Yola koyulmalıydık. Acelemiz yoktu, yok olmasına karşın lüzumsuz üç beş öteberiyle vedalaşmamız zamanın sınırını aşmıştı. Saat, kimine göre geç, kimine ise oldukça olmamıştı. Muhtemelen akreple yelkovanı keşfeden insanlık sırf bu safsatalarla delirmeyelim diye büyüklük yapmıştı. Olsun, biz küçüktük ve bu en sevdiğimiz oyuncaktı. Şimdi biraz adım atmalı, burnu büyük uzağa doğru meyillenmeli, memnuniyetsiz yakından uzaklaşmalı, havadan, sudan nem kapan ve her şeyden yakınan benlikten hıncı almalıydık.
Hangi organda dolaştığını önemsemeyen kan hücreleriyiz. Telaşsız esintiler, kirli ağaçlar, sıfatsız topraklar, karla yunmuş, arınmış dağlar… Nerede olduğuna aldırış etmeden ardımızda kalır. Ardda kalışlar uhreviliklerine yenilerini ekler. Yol, ilk nazarda soğukkanlı, ifrit, kibirli bir dost, alındıkça güzelleşir, hırçınlaşır, elmacık kemiklerine doğru yürüyüşe çıkarsın, hep samimi, kırıcı, kırgın. Seve seve katlanılası bir irtifa. Sırf biz tırmanmaktan caymayalım diye tevazunun doruklarında.
Günün herhangi bir zaman diliminde, normal şartlar altında, karanlıkta, oda sıcaklığında, eksi derecelerde her daim var. Varlığı muhteviyatından; şeffaf, mutlak ve sakin.

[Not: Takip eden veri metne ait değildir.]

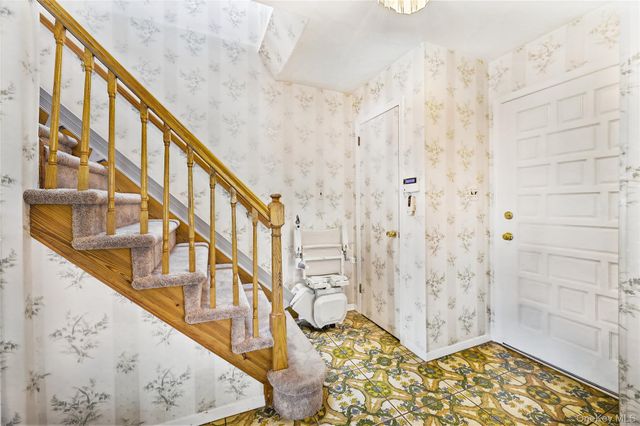 2 Barbara Lane, Monsey, NY 10952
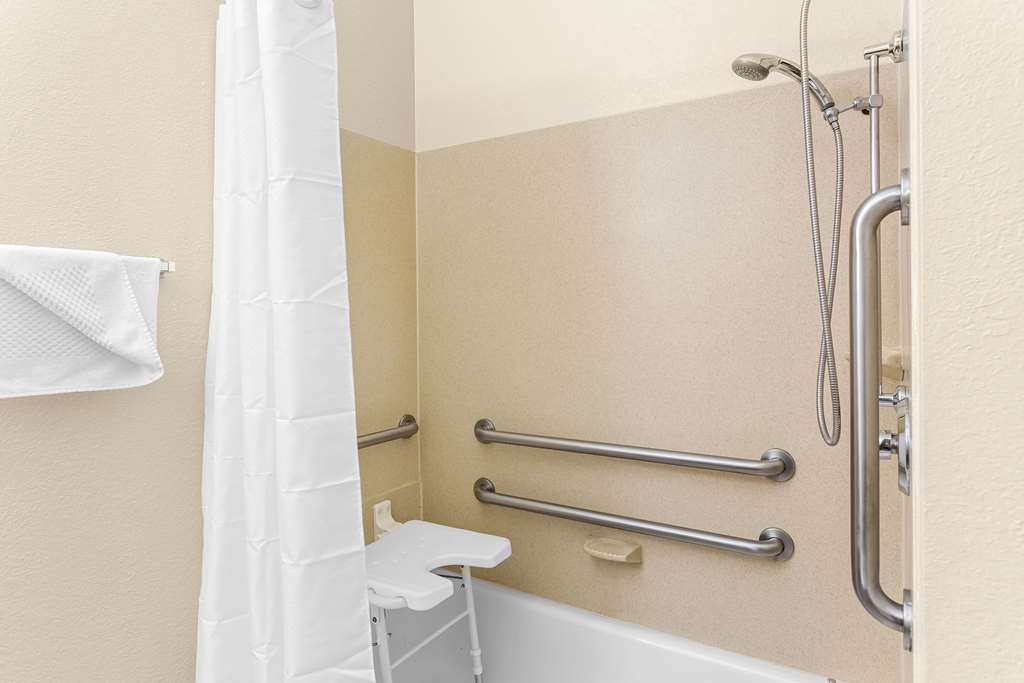 Comfort Suites Grayslake near Libertyville North - photo 12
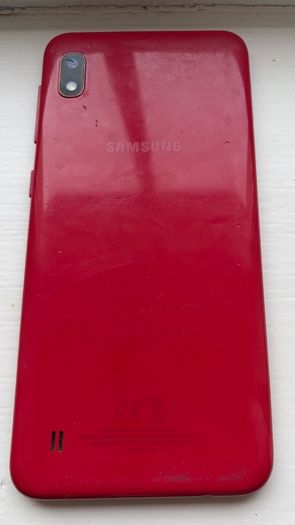 Job lot of 12 phones, 6 phone cases and 6 loose parts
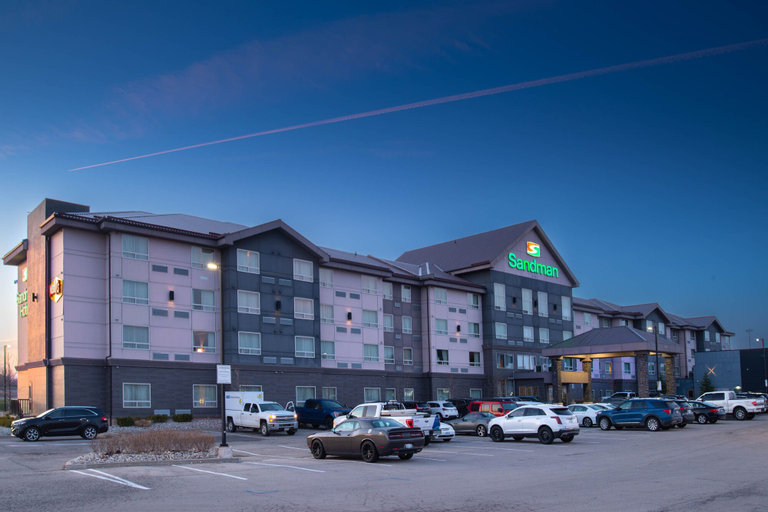 Sandman Hotel Oakville, Halton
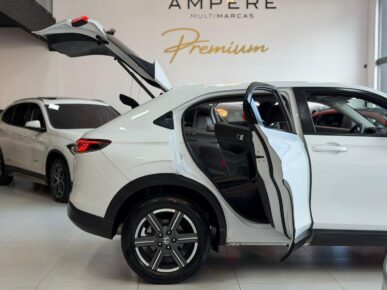 HONDA HR-V EX HS 2023 - Ampére Multimarcas - Veículos usados e semi novos à venda em Curitiba/PR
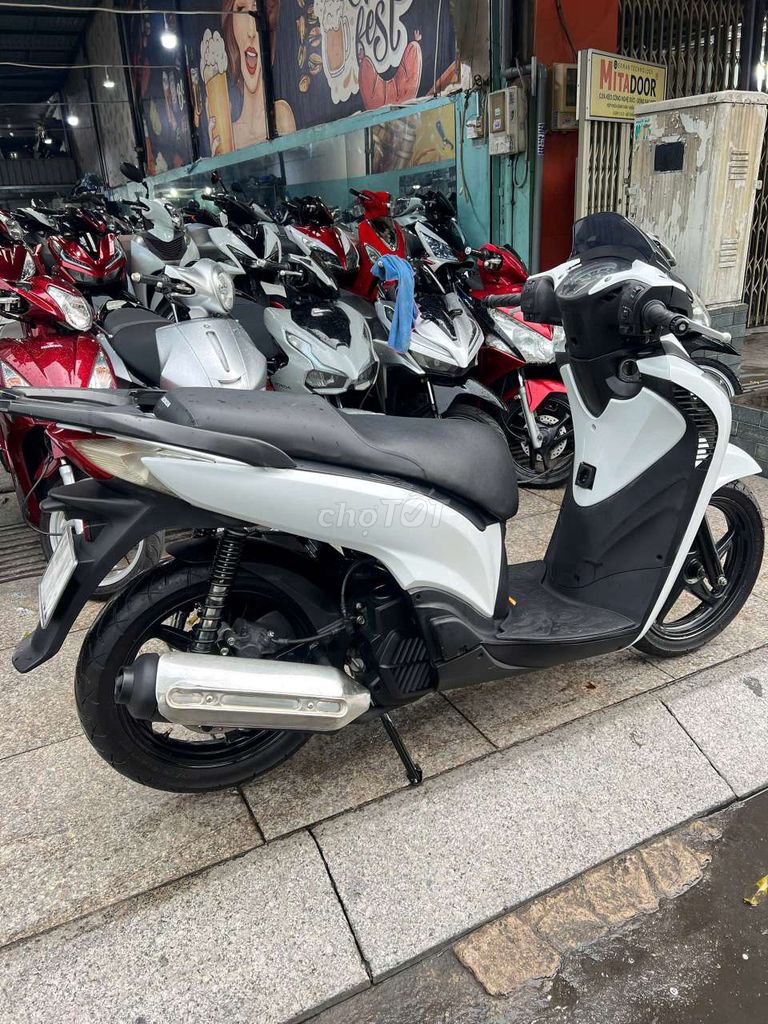 Honda SH 2018 - ảnh 4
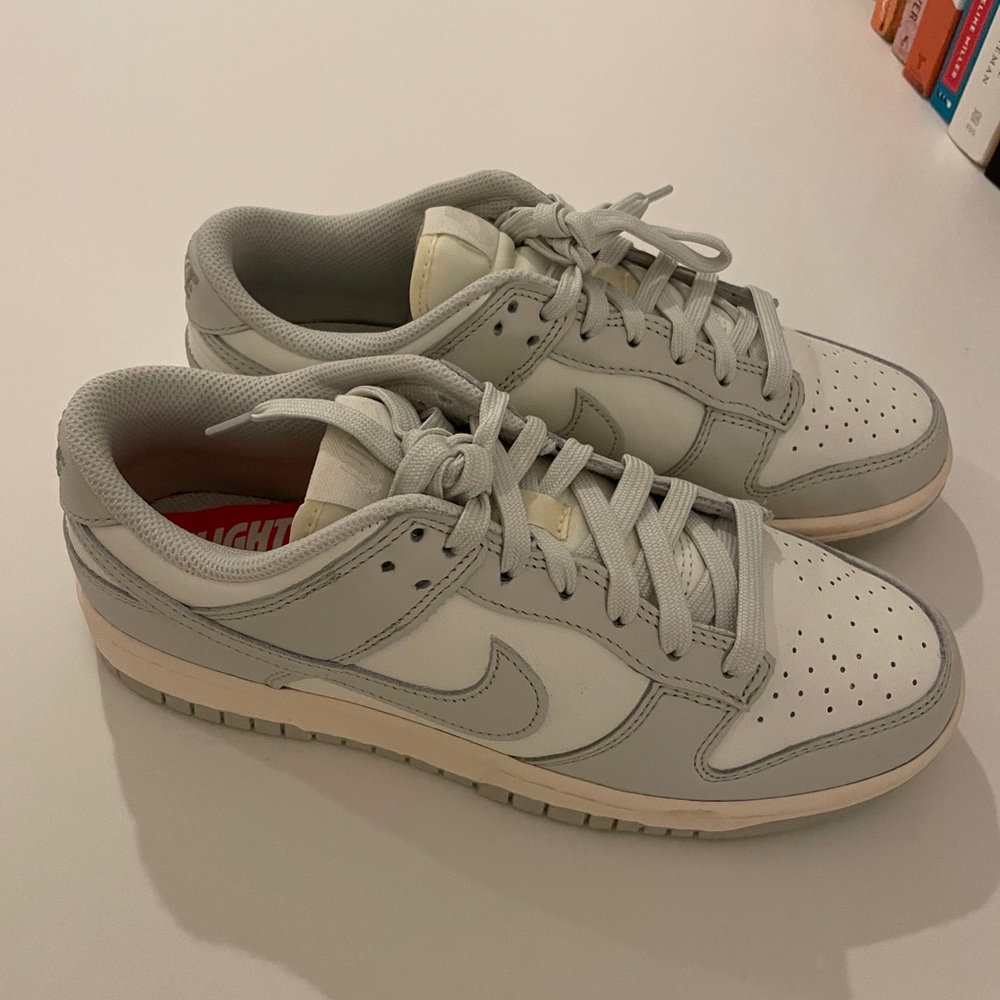 NIKE WMNS DUNK LOW “LIGHT BONE” bought on Flight Club. NEVER WORN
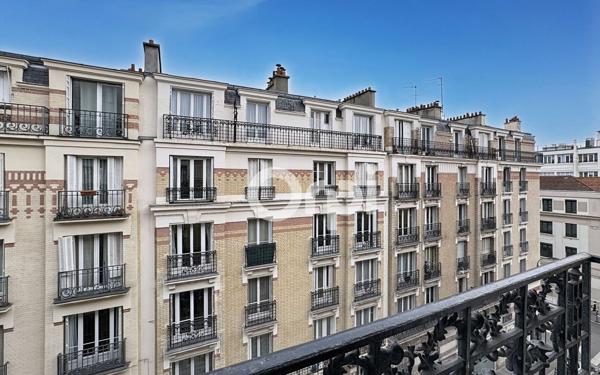 Appartement à vendre    3 pièces • 54,54 m2 Paris 15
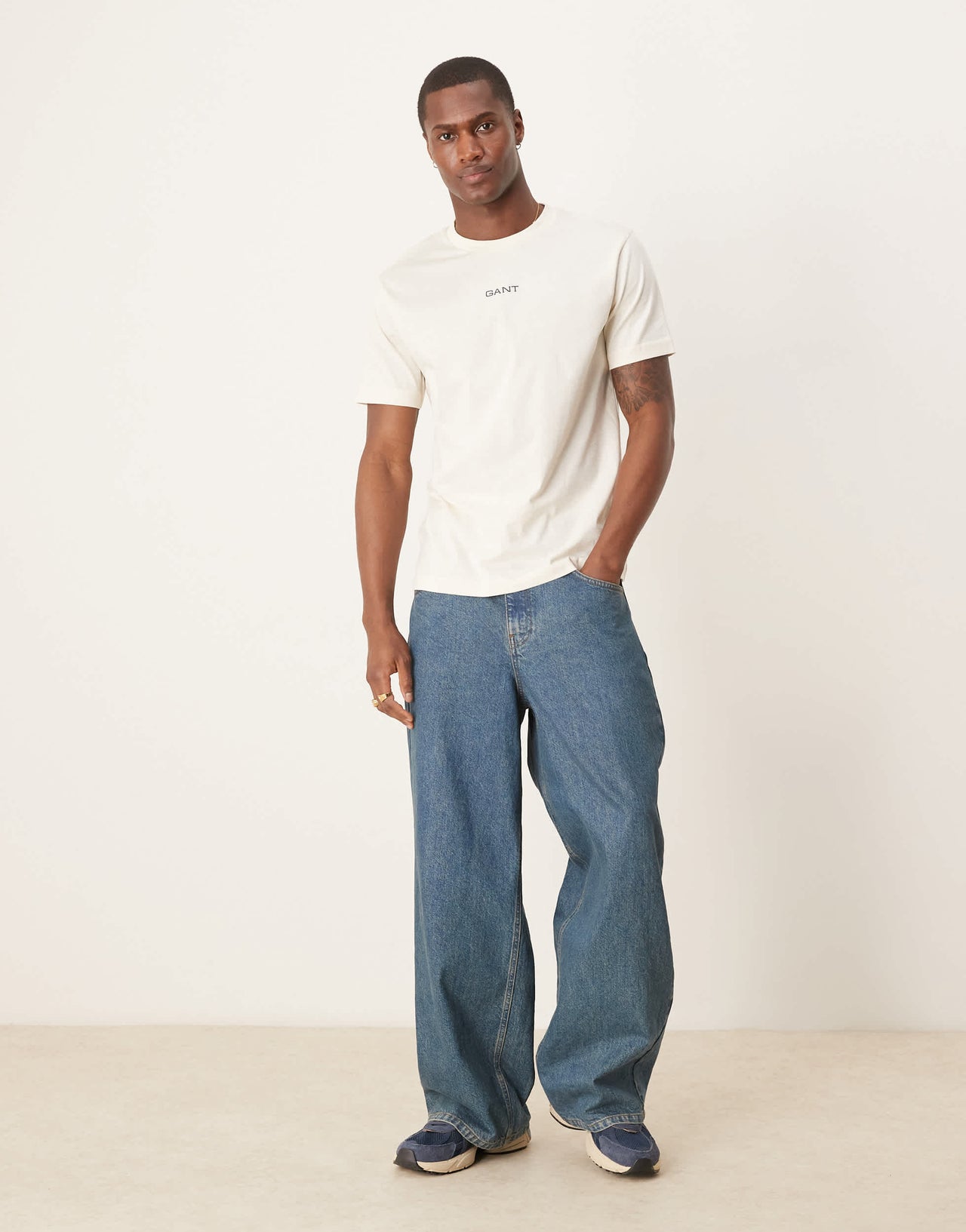 GANT central logo t-shirt in cream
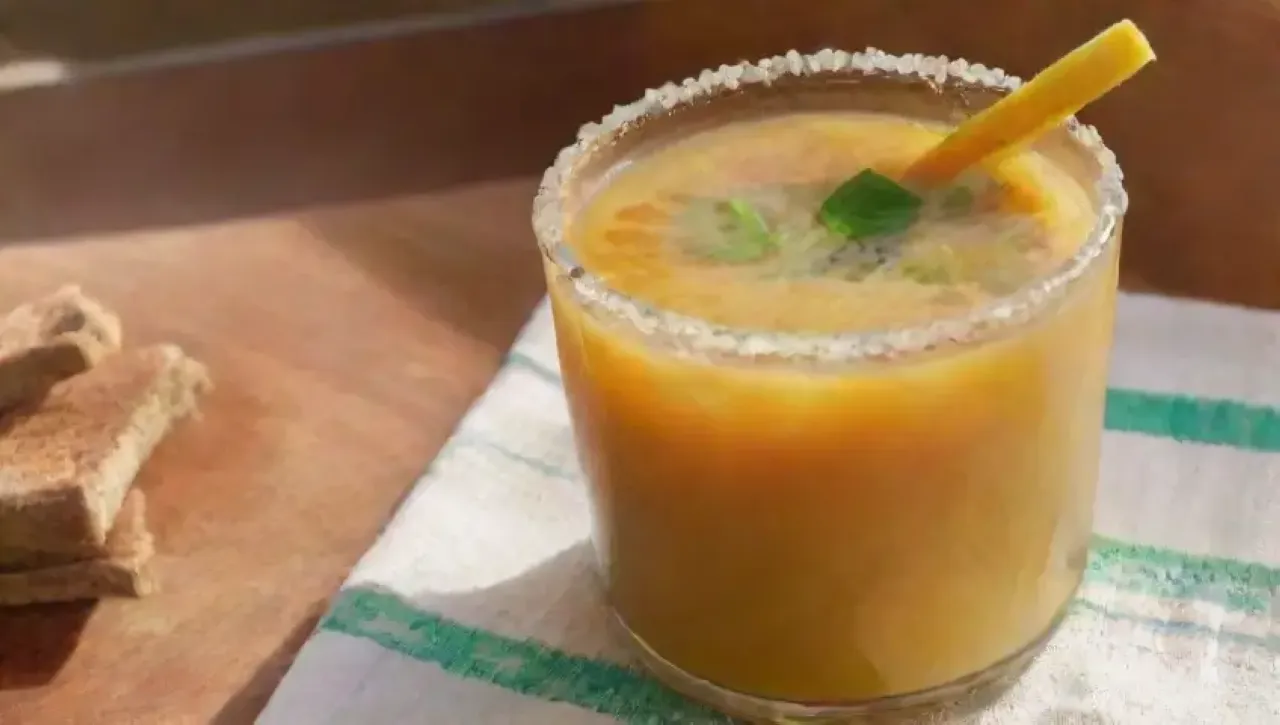 Una escena veraniega de amigos brindando con bebidas refrescantes en un ambiente acogedor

Fısıltılarla, bitişik nizam sıralanmış antenlerle taşıyor bizi, doğrultu yok, kuşlarla eğiyor ufuk çizgilerini. Bulutlardan hız alıyor, nefeslenip
dişlerinin arasına sıkışmış mahremiyeti temizliyor. Uzadıkça eskiye hapsoluyor kır renkler. Şimdinin, delişmen bekçileri her daim görevde. Bilindik sokaklar, tanıdık bağırışlar arasında tahayyül edilmesi zor olmayan sorulara suskun kalınan zamanlar. Baş dayayıp uyuyakalınan yastık kadar sıradan, kılıfında bıraktığı iz kadar bir baş. Derken unutuyor yol bizi. Kendi halinde diyarlara uzanıyor. Biraz bencil, hem leziz, hem mayhoş.
Bırakıyor bizi kimsesiz bir odaya, kimse kim artık.
Kükürtlü frenlerin kahkahasını andırıyor sesi. Sözün mülkiyeti onun genellikle. Sözde kalınan fazladan her cümle sonunda artıyor kira. Yaşını anlamak rüzgâra karşı yüzmekten zor. Yok olanı saymak güç. Hüzünsüz elleri ele vermiyor rakamları. Karşısında ivedilikle çırpınan dudaklar görürsün, susma şıkkını işaretlemiş. Dediklerine göre cinsiyeti doğduğu gün aldatmış. Dedikleri çarpan balığı yakıcılığında. Boşluğa sarkıtılmış iç çamaşırlar gibi uçuşuyoruz onu dinlerken. Harareti tüm gezegeni örtüyor. Uzaya salıyoruz, kulaklarımızın alamadıklarını. Tüyleri demlenmiş çay renginde, belli belirsiz kanar, az şekerli bir iç çeker. Söz, mutludur ona aitken.
İnsanlık, alaysı bir şaka, dondurma gibi. En güzeline karar verilemeyen, eriyikliğini umursamayan. Gün geliyor unutuyor failliğini ve yol kardan bir elbise geçiriyor tüm bu biteviyeliğin üzerine.